**REQUIREMENT:** Only lines containing "with" are wanted from the data below. Copy those lines.

**DATA IN THIS EXERCISE:**
-.-.-
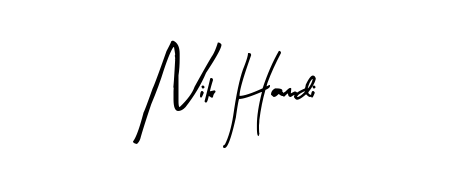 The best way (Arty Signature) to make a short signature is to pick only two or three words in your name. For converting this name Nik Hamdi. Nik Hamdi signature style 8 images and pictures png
-.-.-
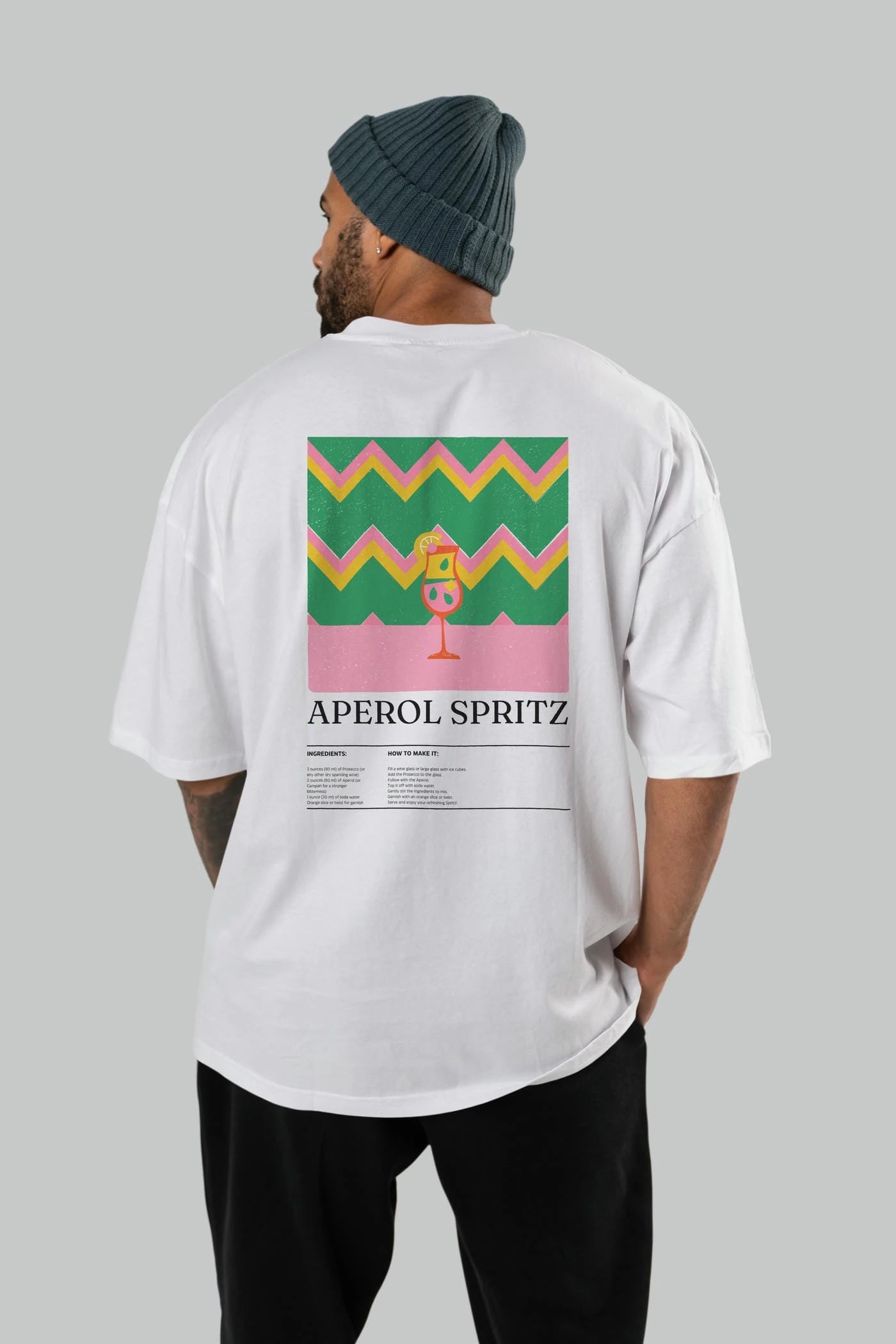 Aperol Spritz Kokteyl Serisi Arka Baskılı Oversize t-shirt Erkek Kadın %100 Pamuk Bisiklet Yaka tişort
-.-.-
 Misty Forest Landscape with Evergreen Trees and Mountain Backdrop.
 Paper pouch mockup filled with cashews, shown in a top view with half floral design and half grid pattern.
-.-.-
**TASK ANSWER:**
 Misty Forest Landscape with Evergreen Trees and Mountain Backdrop.
 Paper pouch mockup filled with cashews, shown in a top view with half floral design and half grid pattern.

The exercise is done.